Now, if a sponsor comes along to partner with Wallace, they might opt to go to another team, one that is willing to be inclusive and show pride in being an organization that is inclusive and, more importantly, loves equality.
We’re all equal, each and every one of us. If two NASCAR owners can’t realize that, it is time for the rest of the sport to speak against them. It’s time to showcase that being inclusive, just like NASCAR wants to be, is vital in a battle for survival.
Q: What does Tyler Reddick’s win mean as he prepares to move to JR Motorsports? – Mike L., Miami
A: This is a massive victory for not only Reddick but Chip Ganassi Racing’s XFINITY Series program as a whole. For Reddick to drive smoothly and methodically through the top five Saturday night at Kentucky Speedway, it proved why Brad Keselowski Racing, now Ganassi and next, Dale Earnhardt Jr. have invested in him.
Reddick was known to be quite the aggressive driver in the Camping World Truck Series. His consistency spoke for itself, having an average finish of 6.3 in 2015, his first full-time season.
The transition to the XFINITY Series, however, had been difficult. The additional horsepower and steeper competition proved to be a challenge, albeit one Reddick expected.

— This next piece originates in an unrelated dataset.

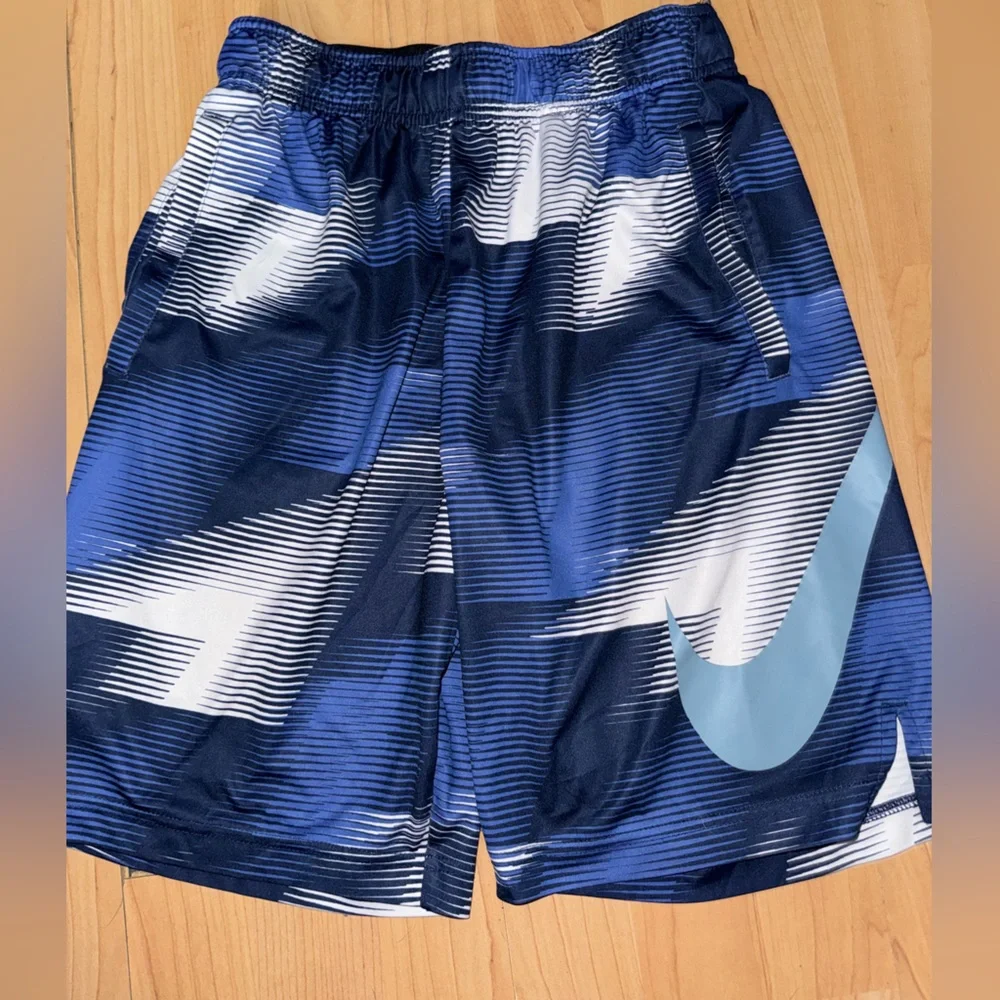 Nike shorts - Picture 1 of 3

But to tame his peers and come out on top in only his 15th start is quite the power move, mere days after announcing he’ll be full-time with JR Motorsports in 2018.
For Reddick, this win means the world to him. The youngster now has the confidence he can get the job done like the Truck Series. The only race up until this past weekend he showed even the slightest signs of XFINITY brilliance came in June at Iowa Speedway, where he finished third.
In what has been a very similar season to his CGR counterpart Brennan Poole’s first part-time XFINITY Series shot, Reddick just proved he has what it takes to not only run up front, but to dominate a race. In Poole’s first year, he earned a pair of top 10s. Reddick had a top five and a pair of 10th-place finishes on his resume up until Kentucky.
As Reddick moves forward, he needs to use this win as a marketing boost. He will now begin building a brand as he looks to eventually make his way to NASCAR’s premier division, a step he discussed in recent weeks could eventually happen if the right pieces fall into place.